--- Entries provided Enclosed Below ---

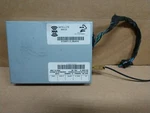 06-16 Chevrolet Impala Satellite Radio Receiver Module 15908583 28059655. Fixed Price $39.99.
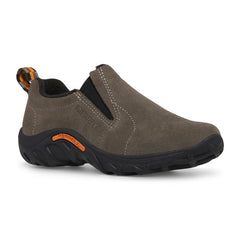 Big Kid - Jungle Moc - Shoes | Merrell US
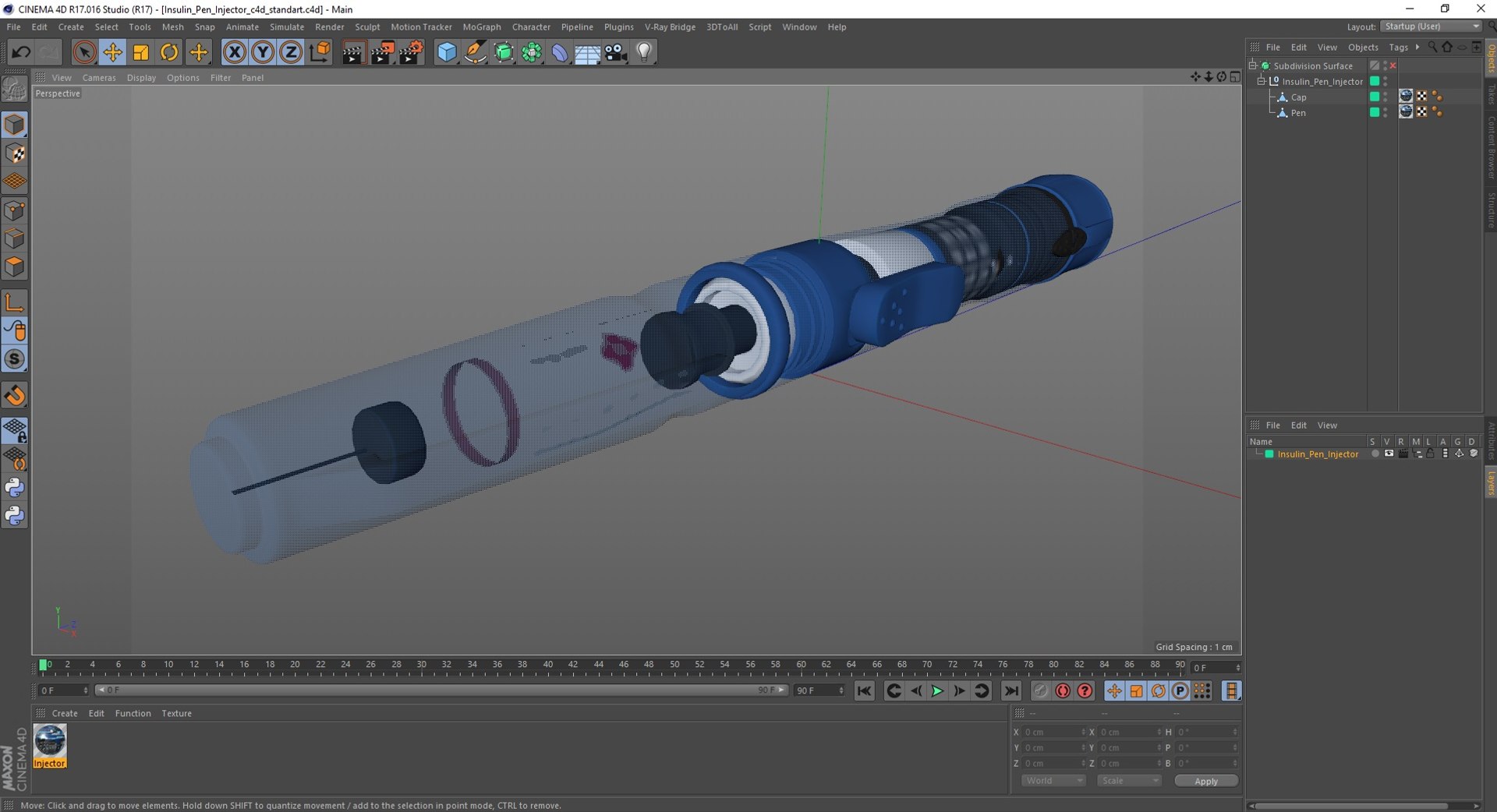 Insulin Pen Injector 3D https://p.turbosquid.com/ts-thumb/6J/zkpvon/r9/insulinpeninjectorc4dmodel046/jpg/1692084753/1920x1080/fit_q87/0978644a464e41a9020b9d6724258e47c9f4b00a/insulinpeninjectorc4dmodel046.jpg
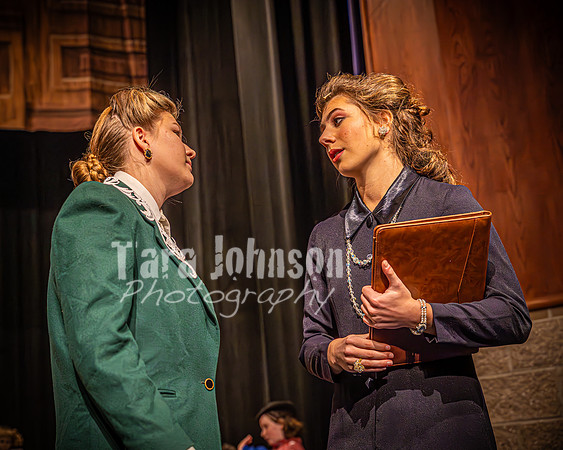 23 LHS Theatre - 34th- R2 - TJP (117 of 583)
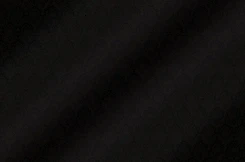 black LANMREM, осень и зима, новое модное одноцветное длинное Двухрядное теплое шерстяное пальто на пуговицах, PB423 - Цвет: black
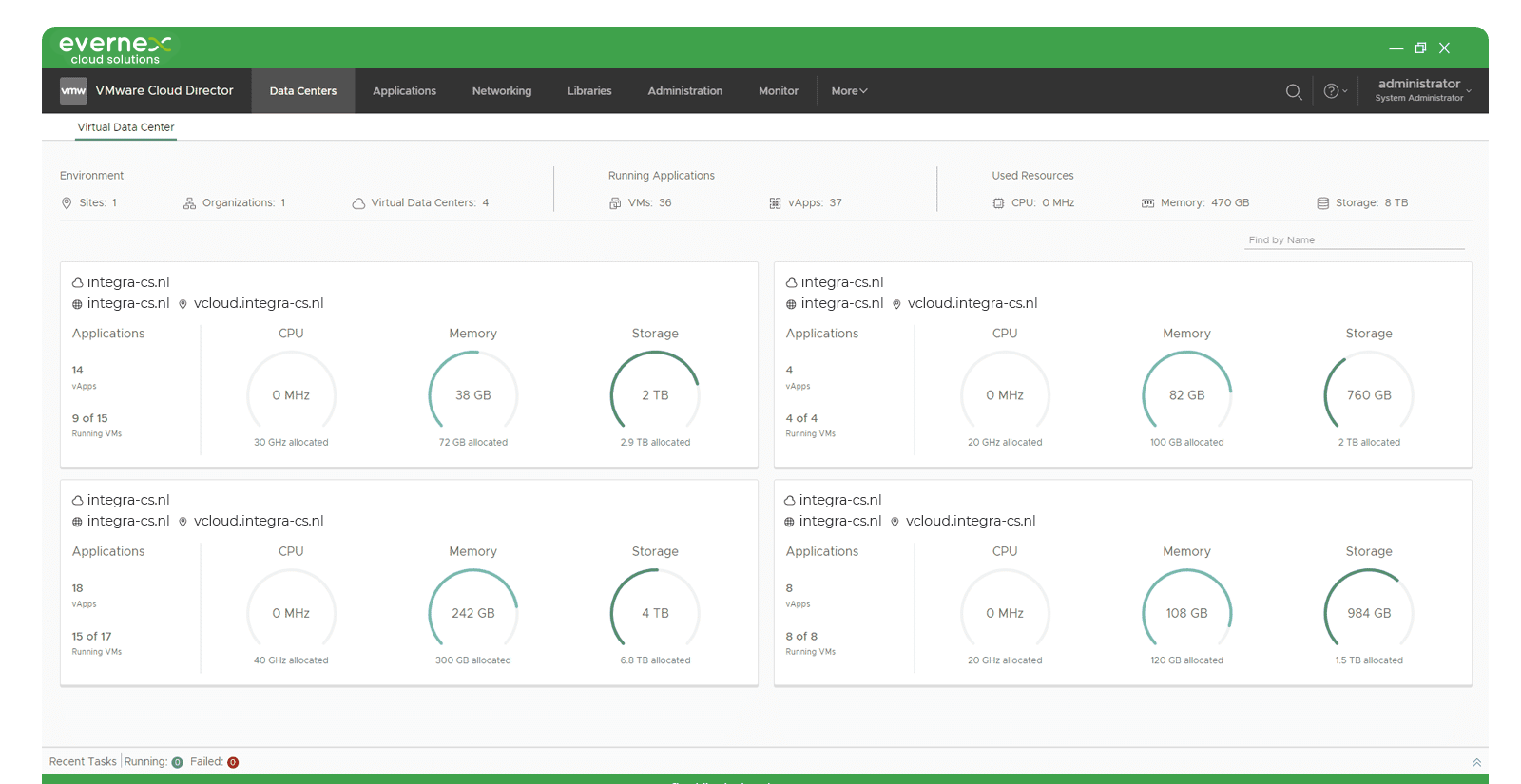 Integra-Portal-Screenshots1-vCloud-Director4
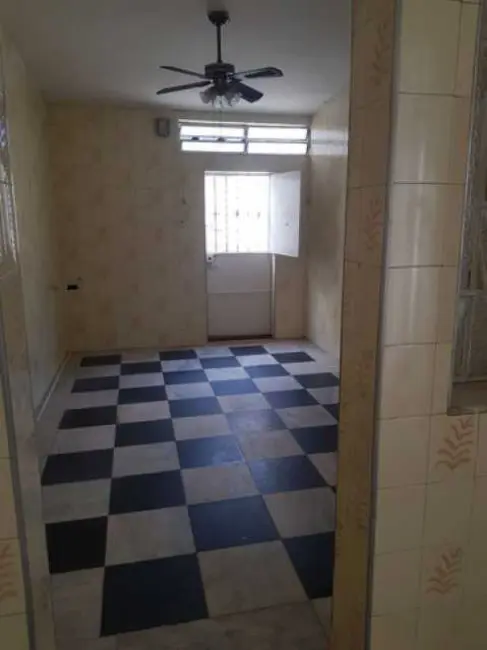 Foto 6 de Casa com 5 quartos à venda, 250m2 em Rio De Janeiro - RJ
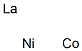130469-99-7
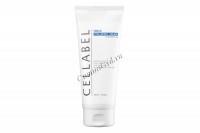 Cellabel Triple Hyaluronic Cream (Биомиметический омолаживающий крем)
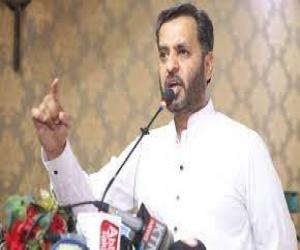 کراچی میں ضمنی انتخاب کے  موقع تصادم کے دوران  فائرنگ سے  جان گنوانے والے     پاک سرزمین پارٹی کے کارکن  کو سپرد خاک کردیا گیا۔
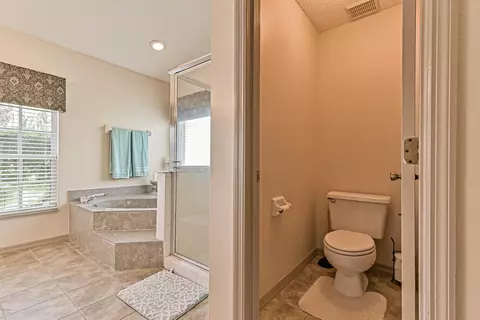 12 Cypress Point Ct, Ormond Beach, FL 32174 photo 14
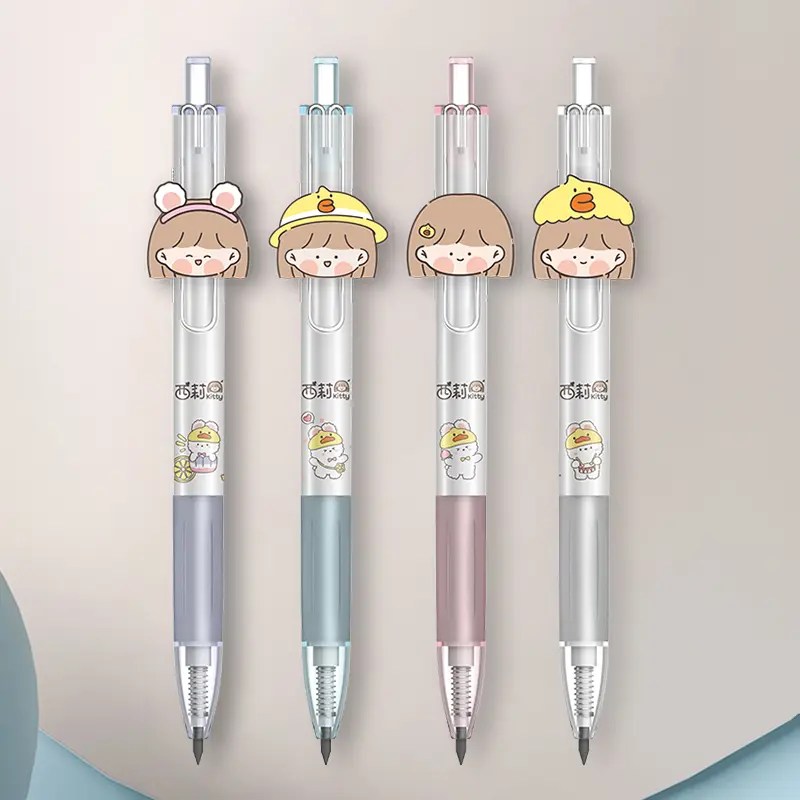 Mechanical Pencil Manufacturers and Suppliers China Mechanical Pencil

--- End of Enclosed Entries provided ---

### Problem to work on
What is needed is a verbatim copy of the lines running from the one with "23 LHS Theatre - 34th- R2 - TJP (117 of 583)" through the last line of the listing above, excluding any pictures.

### Answer section
 23 LHS Theatre - 34th- R2 - TJP (117 of 583)
 black LANMREM, осень и зима, новое модное одноцветное длинное Двухрядное теплое шерстяное пальто на пуговицах, PB423 - Цвет: black
 Integra-Portal-Screenshots1-vCloud-Director4
 Foto 6 de Casa com 5 quartos à venda, 250m2 em Rio De Janeiro - RJ
130469-99-7
 Cellabel Triple Hyaluronic Cream (Биомиметический омолаживающий крем)
 کراچی میں ضمنی انتخاب کے  موقع تصادم کے دوران  فائرنگ سے  جان گنوانے والے     پاک سرزمین پارٹی کے کارکن  کو سپرد خاک کردیا گیا۔
 12 Cypress Point Ct, Ormond Beach, FL 32174 photo 14
 Mechanical Pencil Manufacturers and Suppliers China Mechanical Pencil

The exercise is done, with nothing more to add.